ASSIGNMENT:
Everything from the line containing "Snapshot of frank_jhonsson" down to the last line below should be set down exactly, and only that, without the pictures.

DATA RECORDS:

┌──

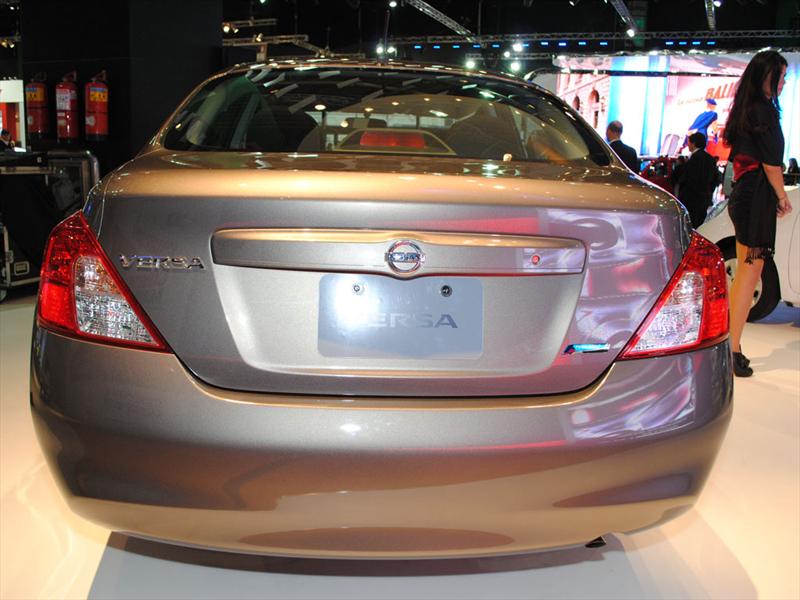 Nissan Versa en el Salón de Buenos Aires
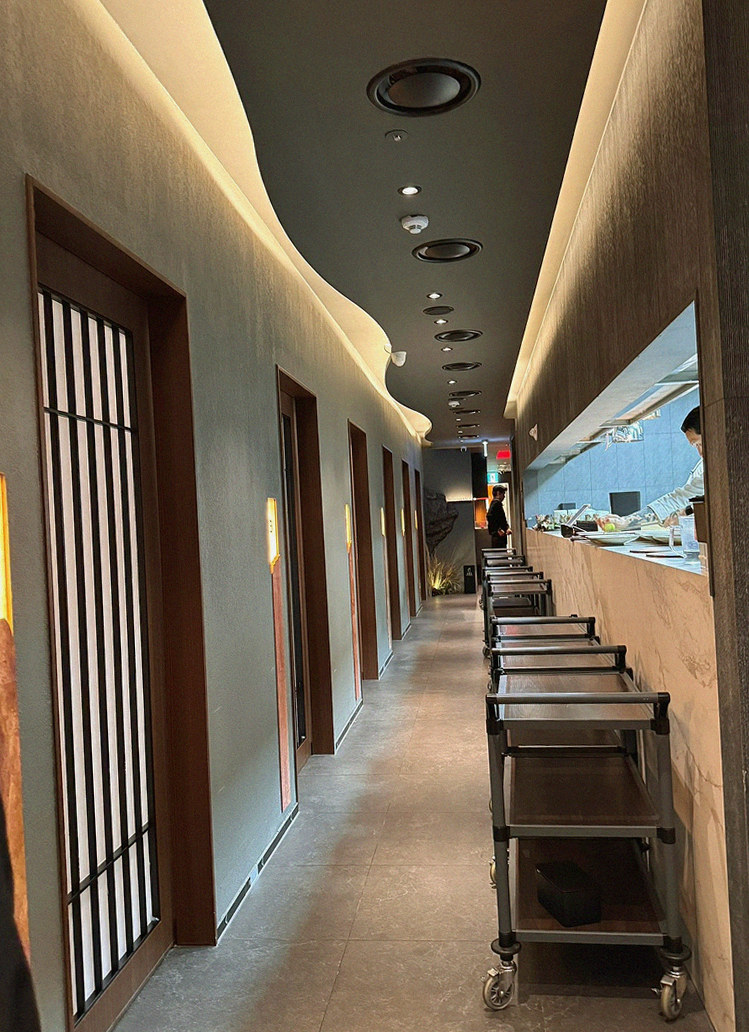 WOOHANA Jonggak · a private dining room — every table is a private room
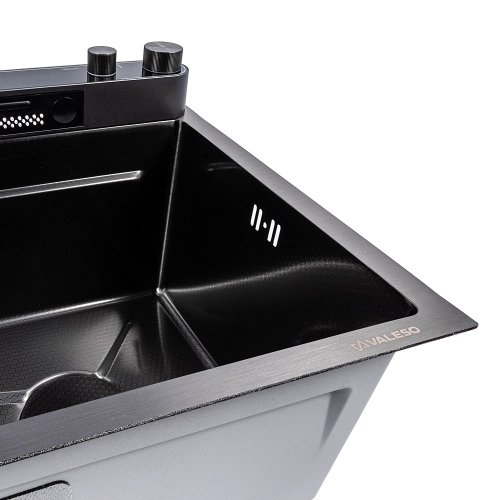 Мойка кухонная PVD черная Valeso Handmade "Водопад" (ДЕКОР) 75х45DF - Фото № 4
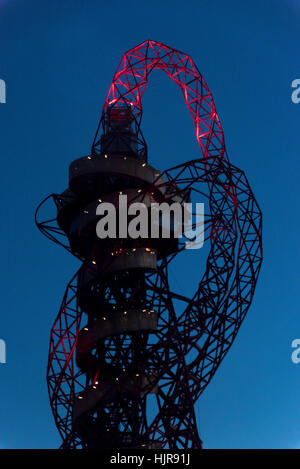 Londres, Royaume-Uni. 24 Jan, 2017. L'ArcelorMittal Orbit est un 114,5 mètres de haut (376 pieds) de la sculpture et tour d'observation à la Queen Elizabeth Olympic Park à Stratford, Londres. C'est le premier morceau de l'art public,[3] et est destiné à être un héritage durable de Londres sera l'hôte de l'été 2012 Jeux Olympiques et Paralympiques, l'aide à la régénération des Jeux olympiques après la région de Stratford. Credit : Alberto Pezzali/Pacific Press/Alamy Live News Banque D'Images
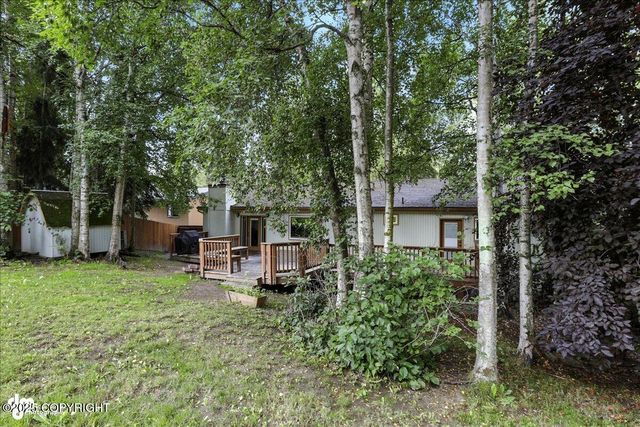 7801 Evander Drive, Anchorage, AK 99518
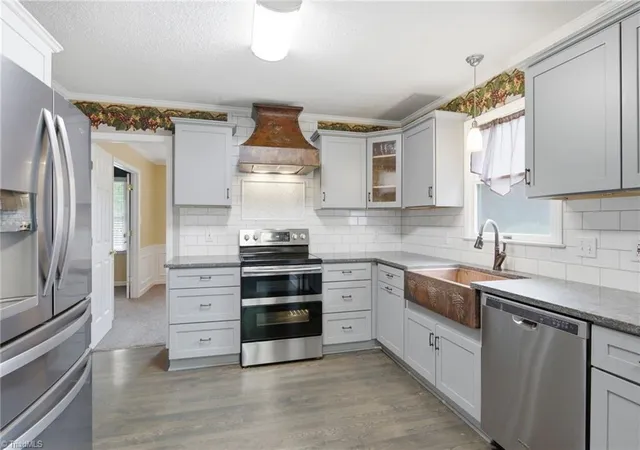 3rd image of 1744 Huntington Woods Ct, Winston Salem, NC 27103 | MLS# 1226324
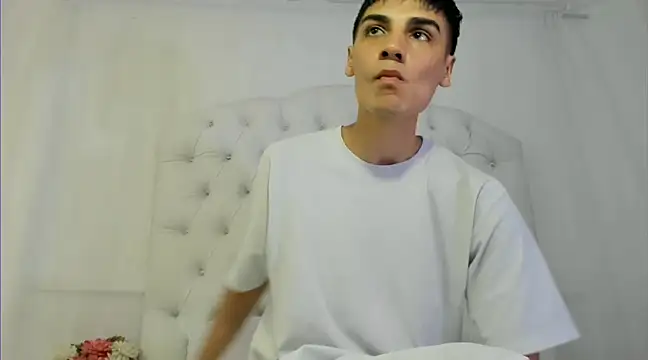 Snapshot of frank_jhonsson chatting on 03.20.25 frank jhonsson online show from 03.20.25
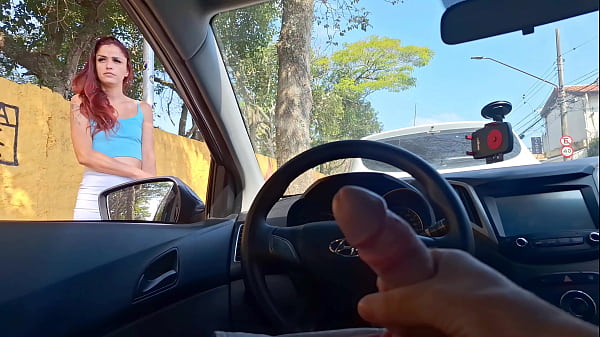 Punheta arriscada para safada na rua que estava no ponto de &ocirc_nibus!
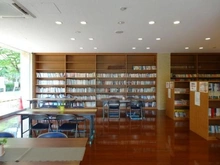 【兵庫県/尼崎市蓬川町】ザ・ガーデネスクシティアクア館 共用施設：まちかど図書館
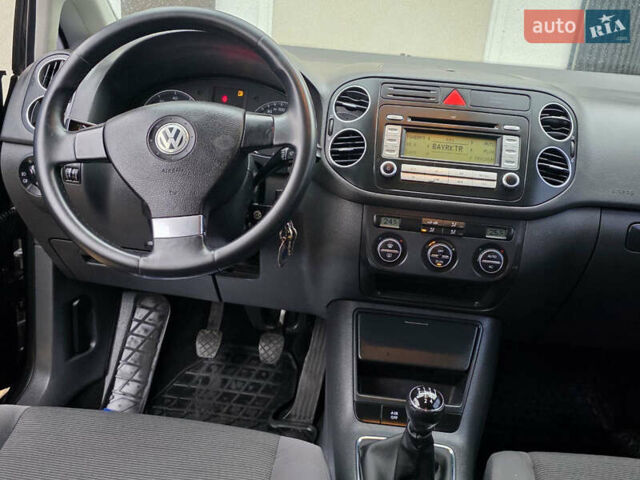 Черный Фольксваген Гольф Плюс, объемом двигателя 1.6 л и пробегом 142 тыс. км за 7200 $, фото 10 на Automoto.ua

└──

ANSWER BOX:
 Snapshot of frank_jhonsson chatting on 03.20.25 frank jhonsson online show from 03.20.25
 Punheta arriscada para safada na rua que estava no ponto de &ocirc_nibus!
 【兵庫県/尼崎市蓬川町】ザ・ガーデネスクシティアクア館 共用施設：まちかど図書館
 Черный Фольксваген Гольф Плюс, объемом двигателя 1.6 л и пробегом 142 тыс. км за 7200 $, фото 10 на Automoto.ua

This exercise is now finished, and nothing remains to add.